Il fatto che invece di parlare di iperurani e meta-teatri Michele abbia citato i barlumi di bellezza del reale significava, tra le righe, che la collezione avrebbe riguardato meno un altro mondo (teatrale o onirico che fosse) e più il nostro. Ora, mettendo per un secondo da parte gli occhiali tinti di rosa della poesia, i motivi dietro questa sobrietà sono forse più cinici: il comando generale del brand, che ha bisogno di buoni risultati economici come non mai, avrà fatto capire che era il tempo di giochi e girotondi era finito. Serviva una collezione sempre bella e romantica, ma che le persone nel mondo reale potessero indossare senza sembrare la nonna di Anastasia Romanoff o le comparse di una produzione fin-de-siécle della Salomè di Oscar Wilde.
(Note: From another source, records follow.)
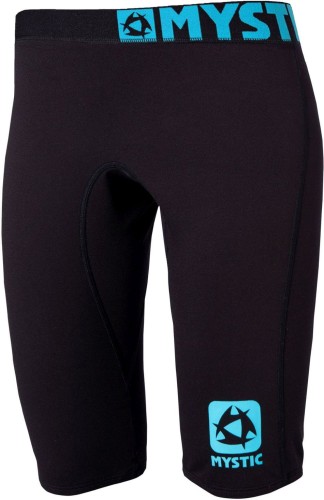 Spodenki-Mystic-Bipoly-Short-Pants-women-Black-front-2022.jpg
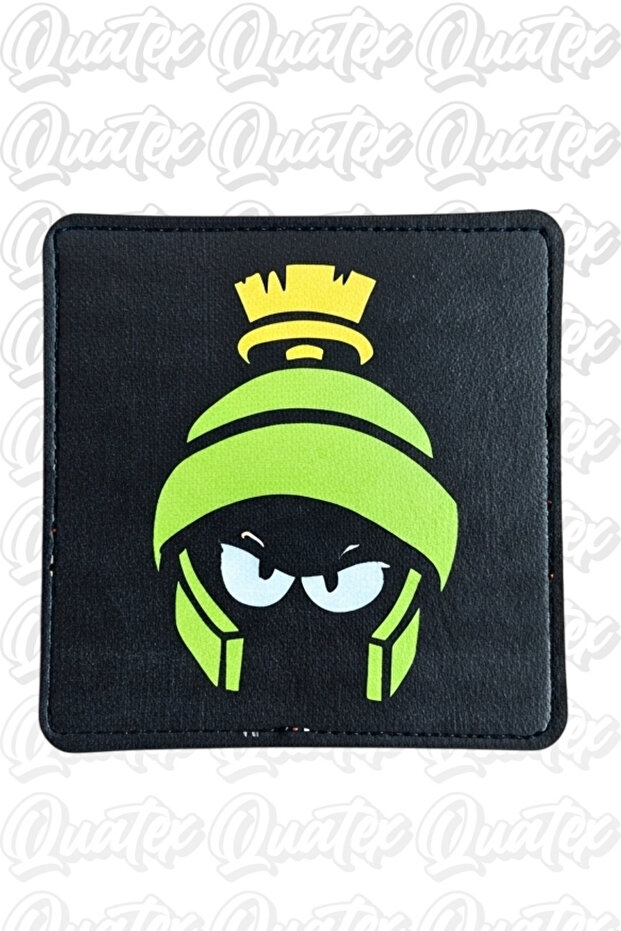 Marvin Designed Velcro Leather Patch - 1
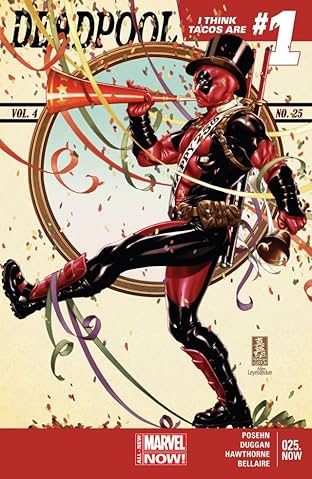 Deadpool (2012-2015) #25.NOW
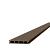 WPC Basic dekdeel 420x14,5x2,3 cm Bruin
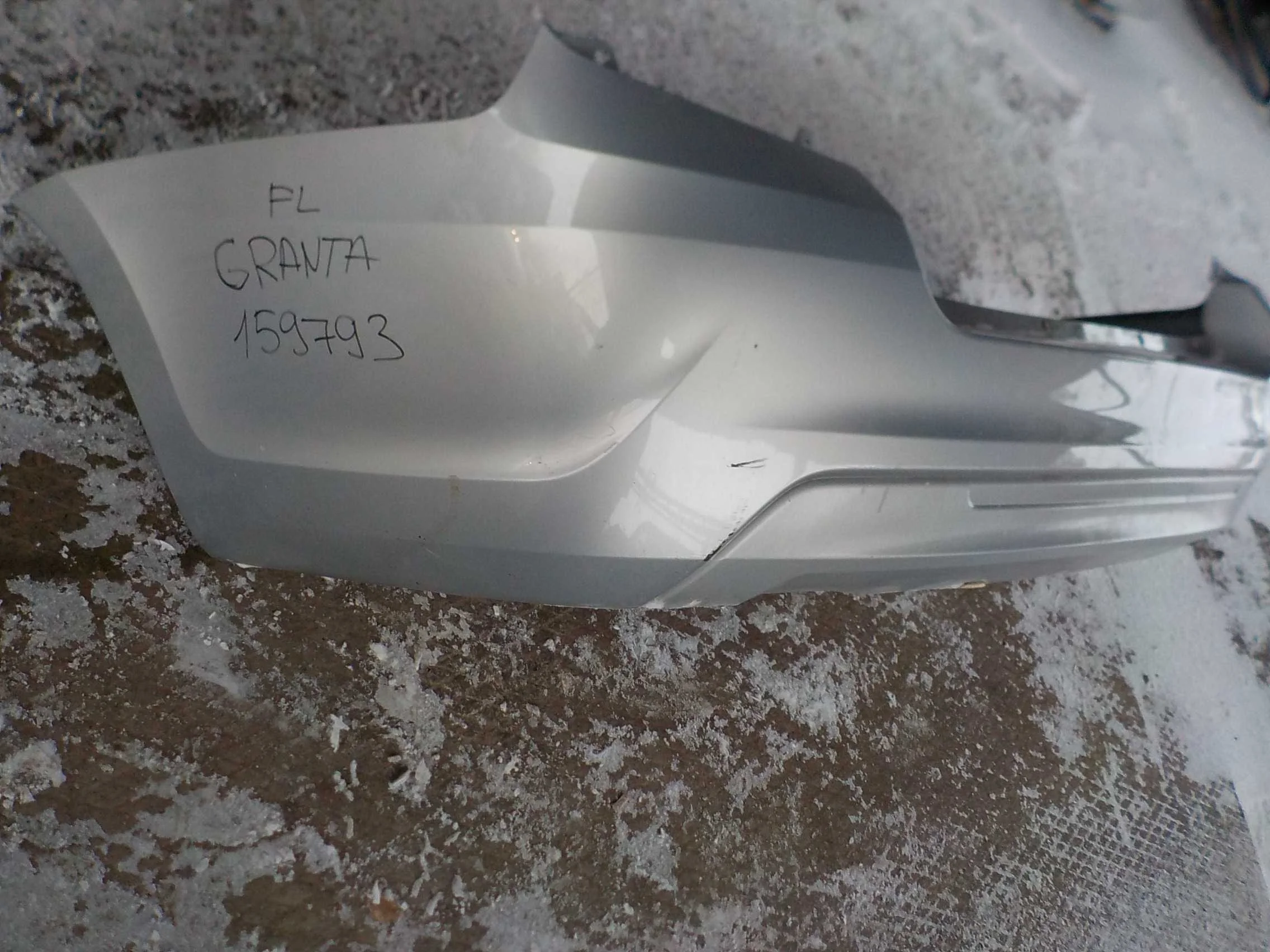 Бампер ВАЗ (LADA) Granta I (2011—2018) Зад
E per fortuna.
Grazie a questo ottimo esercizio in disciplina e anti-indulgenza, la collezione conserva tutto il sapore di Alessandro Michele, che rimane a oggi uno dei migliori designer di abiti da sera sul mercato, strizzando l’occhio al Valentino degli anni ’80 (anche qui senza esagerare) e si porta finalmente vicino, in una maniera convincente, a interpretare l’heritage del grandissimo couturier italiano in modo onesto e sincero. Bastava, in effetti, per controbilanciare il “peso” dei look più eccentrici, semplificare lo styling, ripulire le silhouette da perle, berretti, gioielli, stole di pelliccia e da quell’armamentario post-ironico per parlarci in modo diretto e franco. Una sobrietà che ha concesso anche agli accessori più eccentrici e pailllettati di conservare la loro originalità senza sembrare over the top. In tempi sempre più squilibrati, in effetti, la vera provocazione è mantenere il proprio equilibrio il più fermamente possibile. Speriamo che nel futuro i tempi diventino più equilibrati e il Valentino di Alessandro Michele rimanga esattamente così.